Re: [RFC PATCH 0/9] fuse: API for Checkpoint/Restore

Aleksandr Mikhalitsyn <aleksandr.mikhalitsyn@xxxxxxxxxxxxx> · Mon, 6 Mar 2023 17:44:25 +0100

On Mon, Mar 6, 2023 at 5:15 PM Miklos Szeredi <miklos@xxxxxxxxxx> wrote:
>
> On Mon, 20 Feb 2023 at 20:38, Alexander Mikhalitsyn
> <aleksandr.mikhalitsyn@xxxxxxxxxxxxx> wrote:
> >
> > Hello everyone,
> >
> > It would be great to hear your comments regarding this proof-of-concept Checkpoint/Restore API for FUSE.
> >
> > Support of FUSE C/R is a challenging task for CRIU [1]. Last year I've given a brief talk on LPC 2022
> > about how we handle files C/R in CRIU and which blockers we have for FUSE filesystems. [2]
> >
> > The main problem for CRIU is that we have to restore mount namespaces and memory mappings before the process tree.
> > It means that when CRIU is performing mount of fuse filesystem it can't use the original FUSE daemon from the
> > restorable process tree, but instead use a "fake daemon".
> >
> > This leads to many other technical problems:
> > * "fake" daemon has to reply to FUSE_INIT request from the kernel and initialize fuse connection somehow.
> > This setup can be not consistent with the original daemon (protocol version, daemon capabilities/settings
> > like no_open, no_flush, readahead, and so on).
> > * each fuse request has a unique ID. It could confuse userspace if this unique ID sequence was reset.
> >
> > We can workaround some issues and implement fragile and limited support of FUSE in CRIU but it doesn't make any sense, IMHO.
> > Btw, I've enumerated only CRIU restore-stage problems there. The dump stage is another story...
> >
> > My proposal is not only about CRIU. The same interface can be useful for FUSE mounts recovery after daemon crashes.
> > LXC project uses LXCFS [3] as a procfs/cgroupfs/sysfs emulation layer for containers. We are using a scheme when
> > one LXCFS daemon handles all the work for all the containers and we use bindmounts to overmount particular
> > files/directories in procfs/cgroupfs/sysfs. If this single daemon crashes for some reason we are in trouble,
> > because we have to restart all the containers (fuse bindmounts become invalid after the crash).
> > The solution is fairly easy:
> > allow somehow to reinitialize the existing fuse connection and replace the daemon on the fly
> > This case is a little bit simpler than CRIU cause we don't need to care about the previously opened files
> > and other stuff, we are only interested in mounts.
> >
> > Current PoC implementation was developed and tested with this "recovery case".
> > Right now I only have LXCFS patched and have nothing for CRIU. But I wanted to discuss this idea before going forward with CRIU.
>

Hi Miklos,

> Apparently all of the added mechanisms (REINIT, BM_REVAL, conn_gen)
> are crash recovery related, and not useful for C/R.  Why is this being
> advertised as a precursor for CRIU support?
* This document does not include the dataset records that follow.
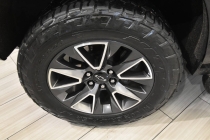 2022 Chevrolet Suburban Z71 4x4 4dr SUV - photothumb 9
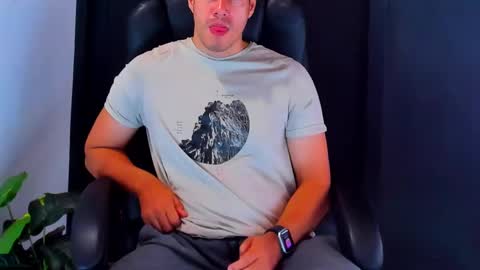 camara110 online show from December 21, 3:14 am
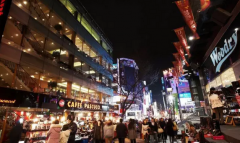 “貼在地上”的韓國商業和“懸在空中”的中國商業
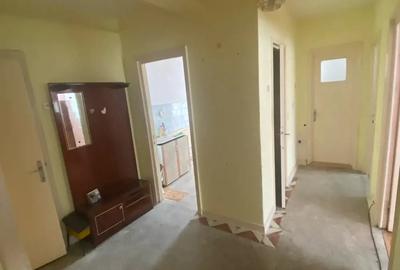 Apartament cu 3 camere decomandat în Târgu Ocna - 2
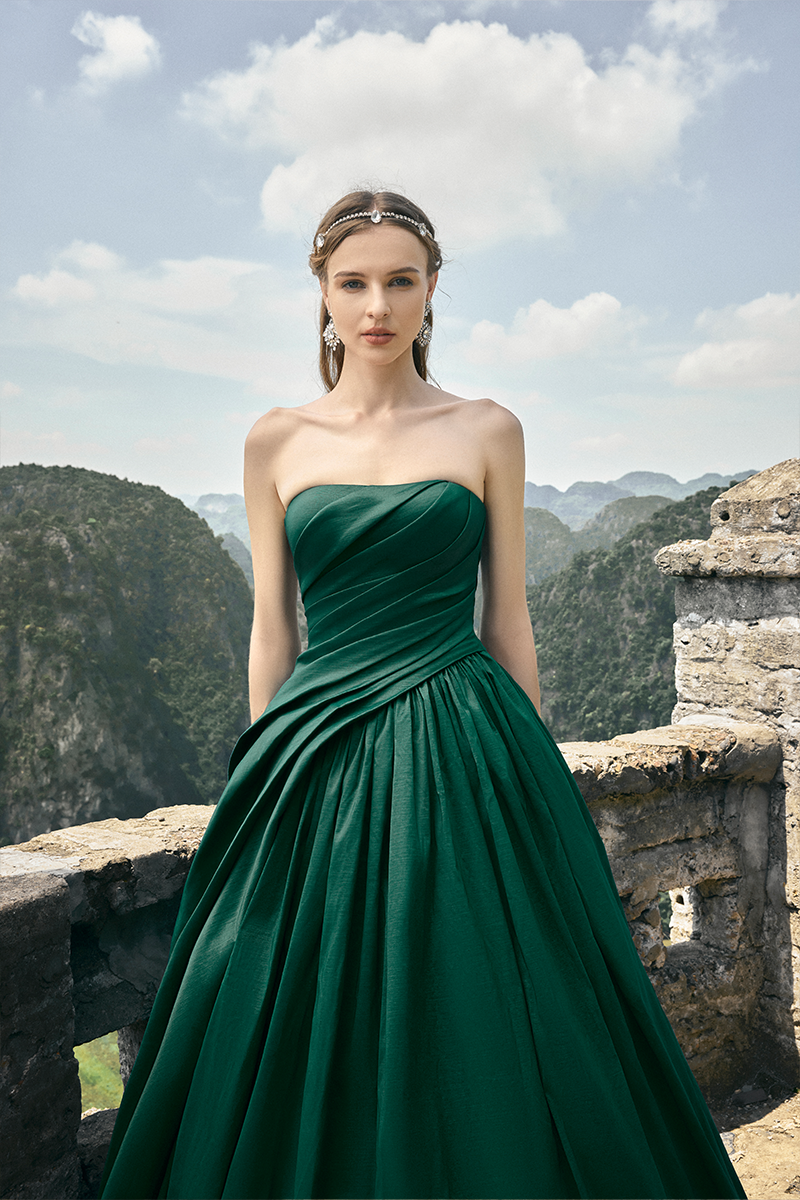 GREEN STRAPLESS DIAGONAL GATHERED GOWN - CULT MIA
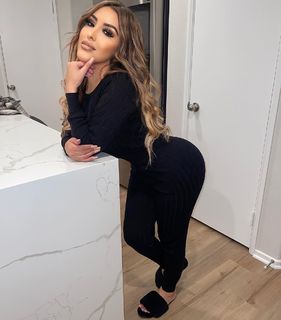 Lupe Ramos feet photo thumbnail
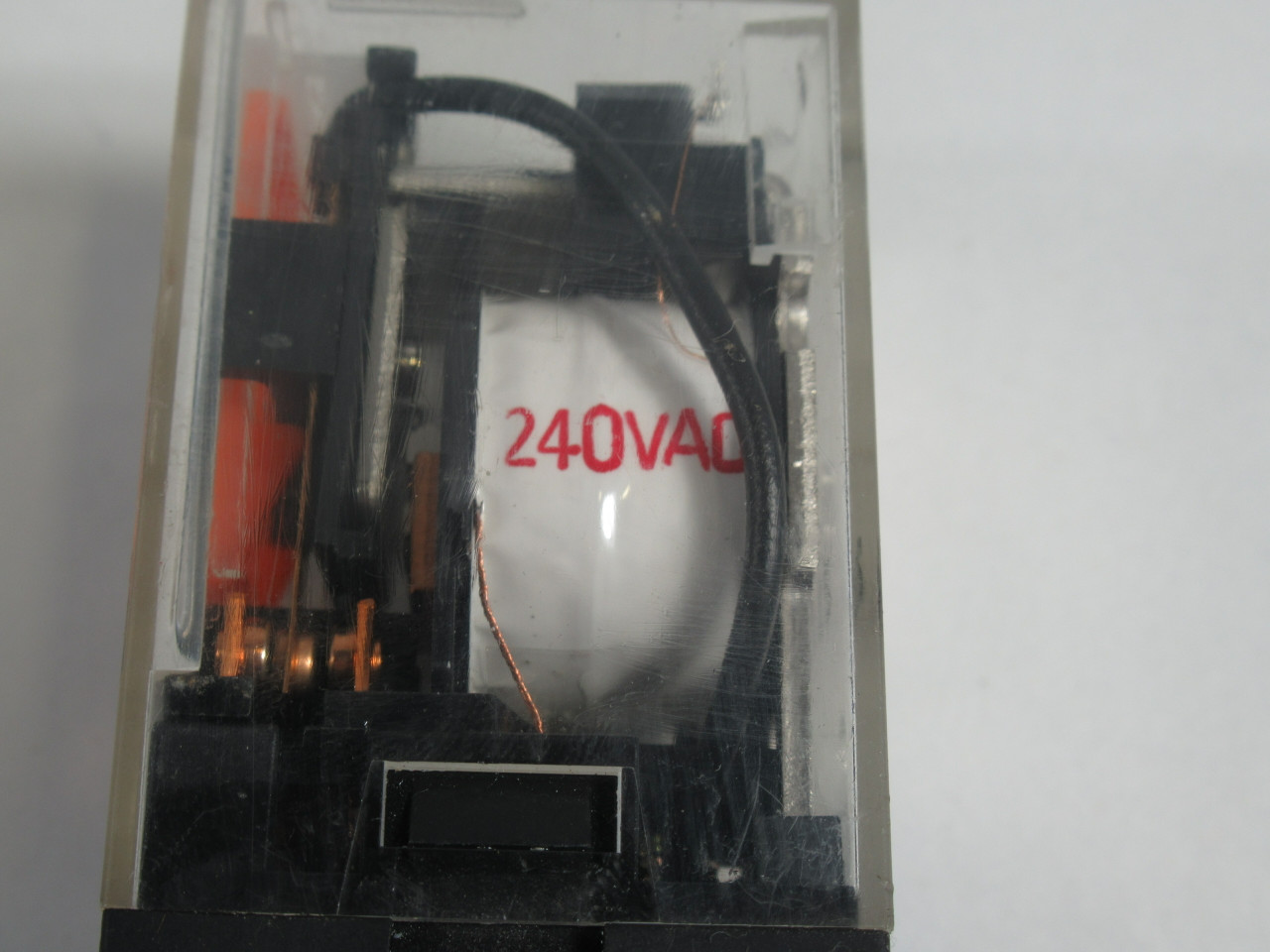 Omron MK2PN-I-AC240 Relay 240VAC Coil 10A 250VAC 8-Pin USED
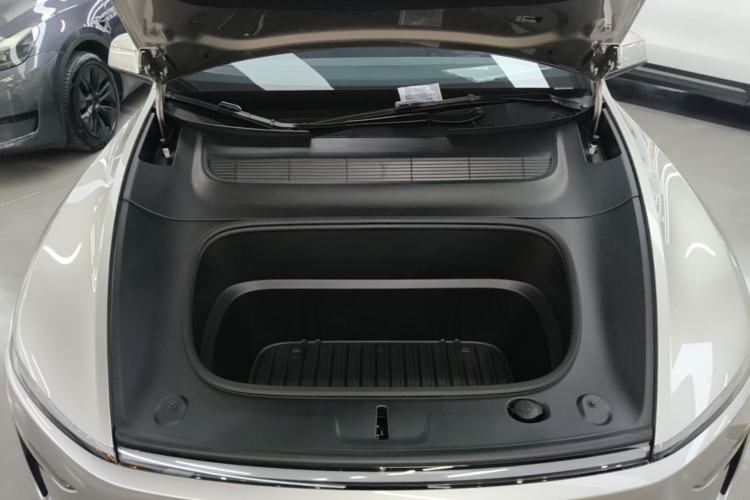 Used Tesla Model Y L 2025 Model Long-Range All-Wheel-Drive Version Engine Bay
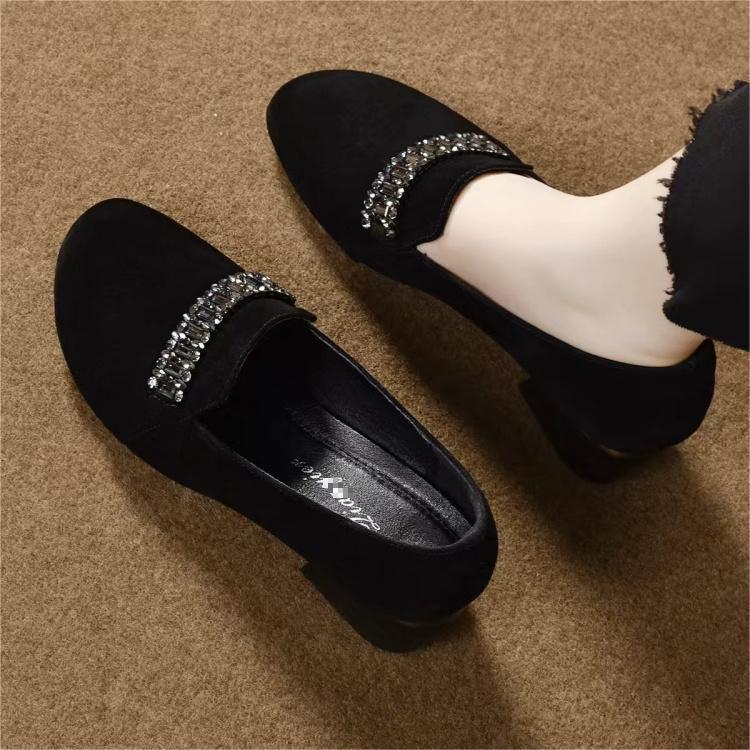 2026 Korean-style sheepskin low-heel women's autumn new British-style deep-cut single shoes, round-toe loafers, granny shoes, moccasins 2026 Korean-style sheepskin low-heel women's autumn new British-style deep-cut single shoes, round-toe loafers, granny shoes, moccasins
It's because I'm doing this with CRIU in mind too, I think it's a good
way to make a universal interface
which can address not only the recovery case but also the C/R, cause
in some sense it's a close problem.
But of course, Checkpoint/Restore is a way more trickier. But before
doing all the work with CRIU PoC,
I wanted to consult with you and folks if there are any serious
objections to this interface/feature or, conversely,
if there is someone else who is interested in it.

Now about interfaces REINIT, BM_REVAL.

I think it will be useful for CRIU case, but probably I need to extend
it a little bit, as I mentioned earlier in the cover letter:
> >* "fake" daemon has to reply to FUSE_INIT request from the kernel and initialize fuse connection somehow.
> > This setup can be not consistent with the original daemon (protocol version, daemon capabilities/settings
> > like no_open, no_flush, readahead, and so on).

So, after the "fake" demon has done its job during CRIU restore, we
need to replace it with the actual demon from
the dumpee tree and performing REINIT looks like a sanner way.

The next point is that if we use REINIT during CRIU restore, then we
automatically need to have BM_REINIT too,
otherwise all restored bind mounts become invalid.

Conn generation is not a problem for CRIU if we are not exposing it to
the userspace. It's just a technical thing to distinguish
old and new inodes/struct file's.

>
> BTW here's some earlier attempt at partial recovery, which might be interesting:
>
>   https://lore.kernel.org/all/CAPm50a+j8UL9g3UwpRsye5e+a=M0Hy7Tf1FdfwOrUUBWMyosNg@xxxxxxxxxxxxxx/

Oh, that's interesting. Thanks for mentioning this! And the most
interesting thing is that Peng Hao mentioned LXCFS as a use case :-)

Added Peng Hao to CC

Kind regards,
Alex

>
> Thanks,
> Miklos